Today, Bannor serves as Internet sales manager at Corwin Chrysler Dodge Jeep Ram in Fargo, N.D., which is part of a metropolitan market with just under 250,000 people. She has worked at a few different stores in various roles since that fateful first day, but she has stuck with Corwin for the duration.
Her philosophy of never saying or doing anything she can’t back up has served her well. She has built her technique around absolute transparency, and it has paid off. She averaged 22.5 units per month in 2015 and has already begun to enjoy repeat business from loyal customers.
“It’s a combination of good communication skills and really explaining things to each customer,” she says. “At every step, I tell them exactly what I’m going to do and how long it will take. It’s very much just being clear and concise about the whole thing. I ask a lot of questions and I work at the pace they like to work at.”
Bannor recognizes that relationships make or break the process, so she makes sure she meets every customer on their own terms. It doesn’t matter whether they say they only have an hour to get the deal done or want to spend the entire afternoon shooting the breeze.

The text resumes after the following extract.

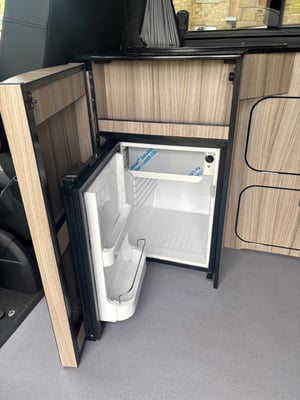 2022 Volkswagen T6.1 Campervan — photo 38 of 46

“Selling is much more of a customer service than a retail business,” she says. “I’m a big closer, too; don’t get me wrong. I have a sense of urgency. But I really, genuinely care about my customers. My ultimate goal is to keep a customer for life.”
Business Manager Amber Christl describes Bannor’s approach as “very direct” and says she knows Chrysler’s products and the dealership’s processes — from sales to F&I — well enough to answer any question or concern. All Bannor asks in return is a testimonial she can post to “Just a Girl Selling Cars,” a Facebook page she built to market herself and her sales technique.

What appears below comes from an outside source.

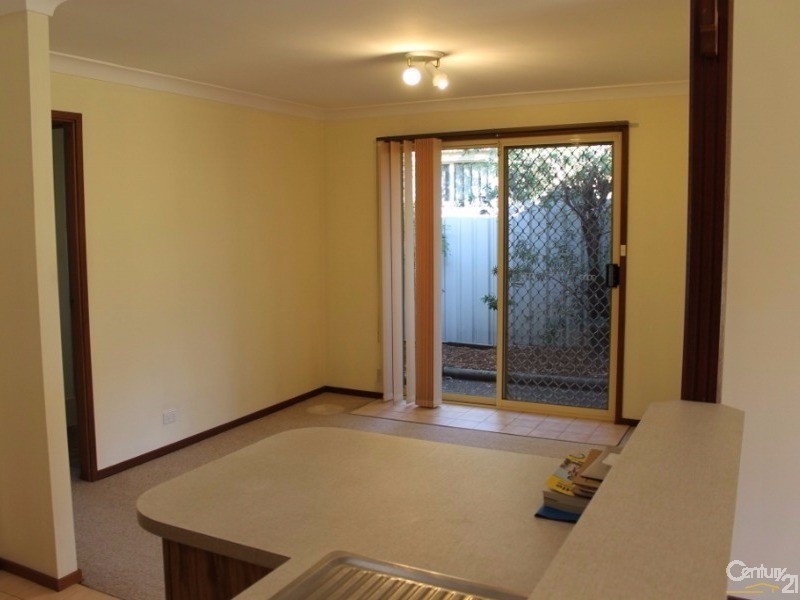 2/5  Archer Crescent, Maryland NSW 2287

“With all her customers, she tries to do a picture or video, posted to her sales Facebook page, which attracts other customers who may be nervous or intimated by the whole car-buying process and makes her current customers feel appreciated as well,” Christl says.
By creating advocates, Bannor believes she is doing her part to advance the role of women in a traditionally male-dominated industry and shatter some of the negative stereotypes about the sales process.
“I don’t know if I ever hear ‘I would only work with a female,’ but a lot of customers say, ‘It was so nice to work with a female salesperson,’” Bannor says. “It changes the whole dynamic of the process for them. The experience shifts their perspective.”